Pressekodex nicht genügend beachtet
Im Pressekodex des Deutschen Presserats werden Öffentlichkeitsfahndungen nicht ausdrücklich erwähnt. Peter Freitag verweist aber auf eine vergleichbare Regelung, nämlich zur Nennung der Herkunft von Tätern oder Tatverdächtigen in Polizeimeldungen. Solche Angaben werden nach Freitags Eindruck „häufig unkritisch im bequemen Copy-and-Paste-Verfahren aus der Pressemitteilung der Polizei übernommen, obwohl der Pressekodex die Herkunftsnennung an enge Relevanzbedingungen knüpft“. In den Praxis-Leitsätzen zur entsprechenden Pressekodex-Richtlinie 12.1 heißt es unter anderem: „Die Nennung der Zugehörigkeit durch andere Quellen, z. B. durch Behörden oder Polizei entbindet nicht von der redaktionellen presseethischen Verantwortung.“ Diese Regelung lässt sich laut Freitag sinngemäß auch auf das Thema Öffentlichkeitsfahndung übertragen.

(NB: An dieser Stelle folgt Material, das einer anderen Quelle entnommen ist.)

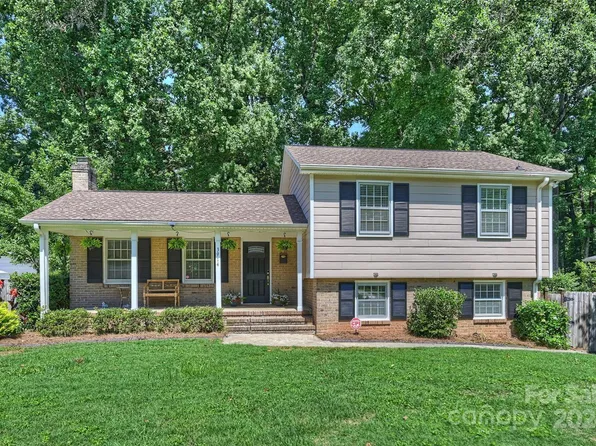 3914 Sussex Ave, Charlotte, NC 28210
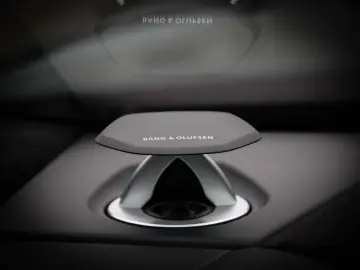 Urus S Nero Helene  Electrical Trailer Towing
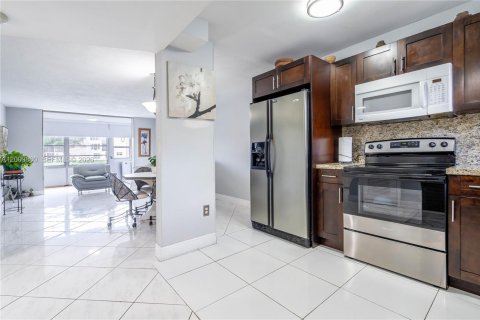 Condo in Sunrise, Florida, 2 bedrooms  № 2068232 - photo 4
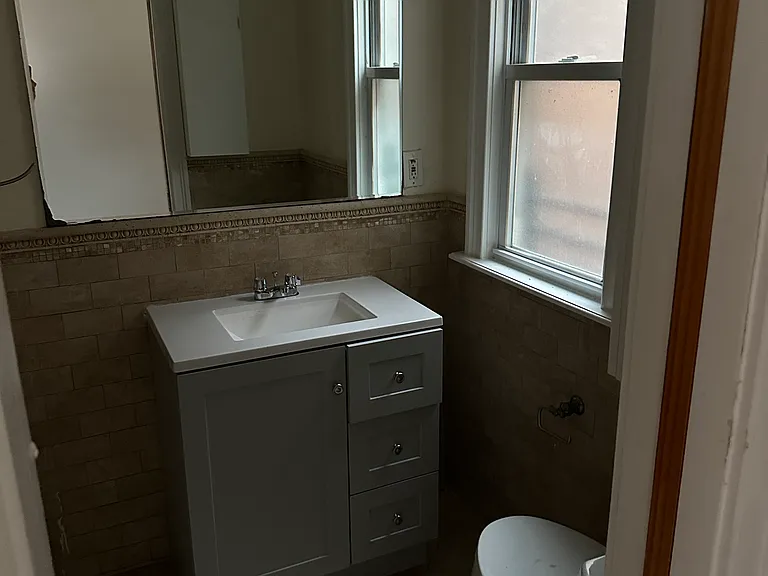 1361 Crosby Ave #2 — Photo 10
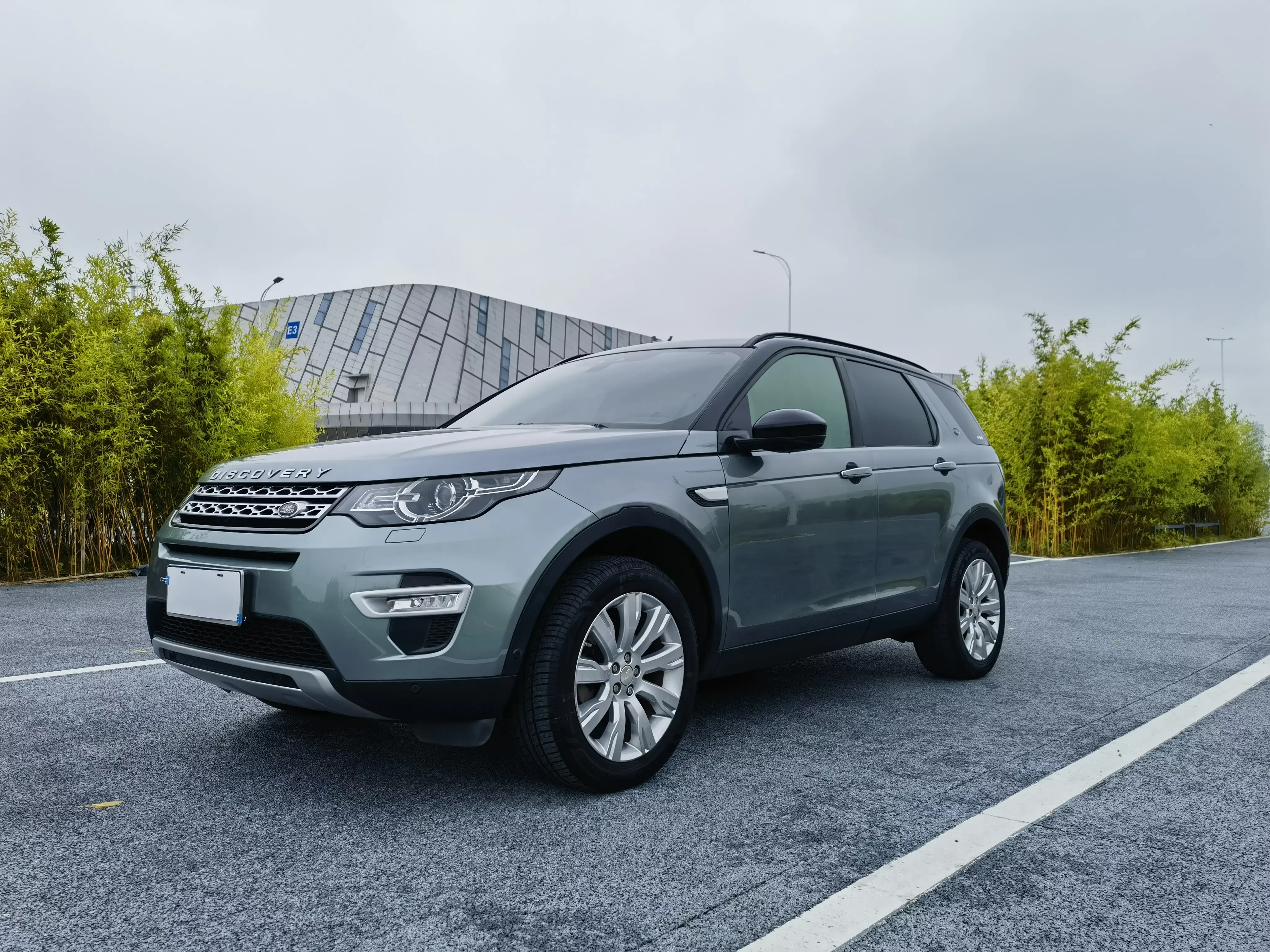 Land Rover Discovery  из Китая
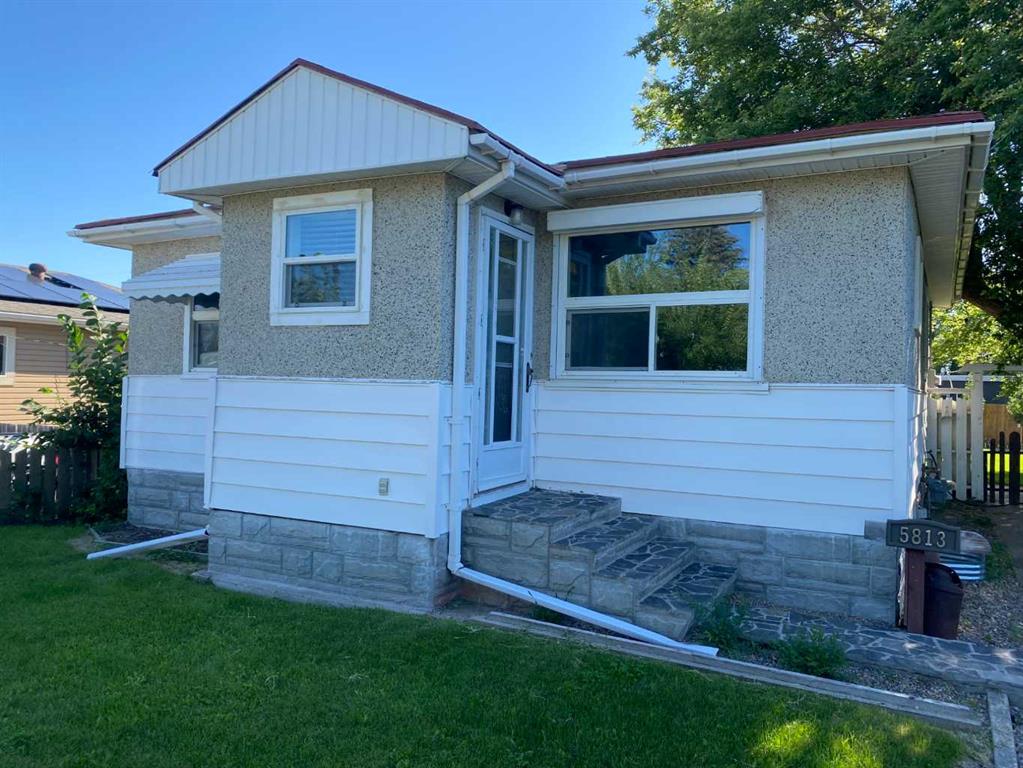 Picture of 5813 54 Street , Taber Real Estate Listing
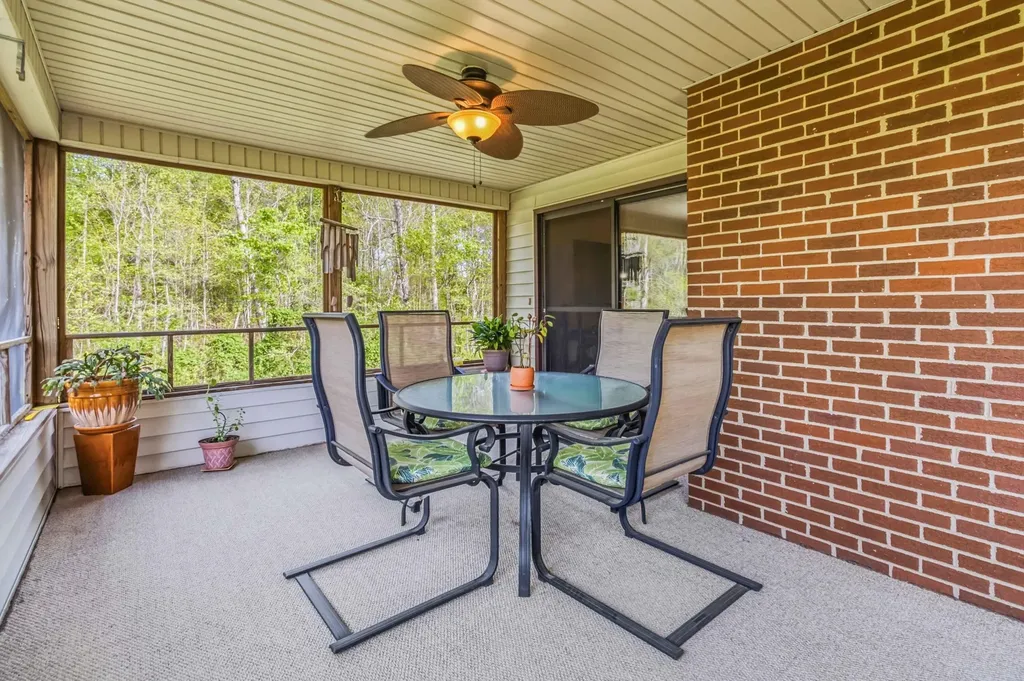 2109 Nelson Valley Road Science Hill KY 42553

Polizei und KI als Quellen hinterfragen
Dass Redaktionen Polizeimeldungen trotzdem unkritisch übernehmen, liegt nach Ansicht des dju-Vorsitzenden möglicherweise auch am anhaltenden Personalabbau. „Zusammengesparte Redaktionen haben oft kaum Kapazitäten, Pressemitteilungen der Polizei gegenzurecherchieren. Die verbreitete Auffassung bzw. presserechtliche Sichtweise, die Polizei sei eine privilegierte Quelle, macht es dann vordergründig einfacher, auf eine solche Gegenrecherche zu verzichten.“
„Eine erhebliche Gefahr“ sieht Freitag hier beim Einsatz Künstlicher Intelligenz: „Verfechter eines solchen Einsatzes argumentieren, dass das Schreiben von Polizeimeldungen eine lästige Routineaufgabe sei, die die Technik Journalist*innen abnehmen könne. Generative KI ist aber weder in der Lage, die Relevanz von Informationen zu prüfen, noch die Verhältnismäßigkeit der Veröffentlichung eines Fahndungsaufrufs. Das können nur Menschen.“
Wie sorgsam das Mittel der ÖF eingesetzt werden sollte, zeigt nicht nur der Fall des ehrlichen Finders aus Magdeburg. Auch ohne einen solchen Polizei-Irrtum können Unschuldige versehentlich in Verdacht geraten, nämlich dann, wenn sie so ähnlich aussehen wie die teils nur schemenhaft abgebildeten Personen auf Fahndungsfotos oder Phantomzeichnungen. In Bremen zum Beispiel suchte die Polizei (und mit ihr die Lokalpresse) im Herbst 2024 nach zwei Einbrecherinnen. Eine von ihnen sah aus wie eine Bremer Laienschauspielerin. Nur wer sie kennt, weiß, dass sie über jeden Verdacht erhaben ist. Nach Ansicht der Bremer Datenschutzbehörde müssen die Strafverfolger eine solche Verwechselungsgefahr „im Rahmen der Interessensabwägung zwingend berücksichtigen“. Hinzuzufügen wäre: Auch die Redaktionen sollten sich solcher Gefahren bewusst sein und nicht blindlings alles aufgreifen, was die Polizei verbreitet.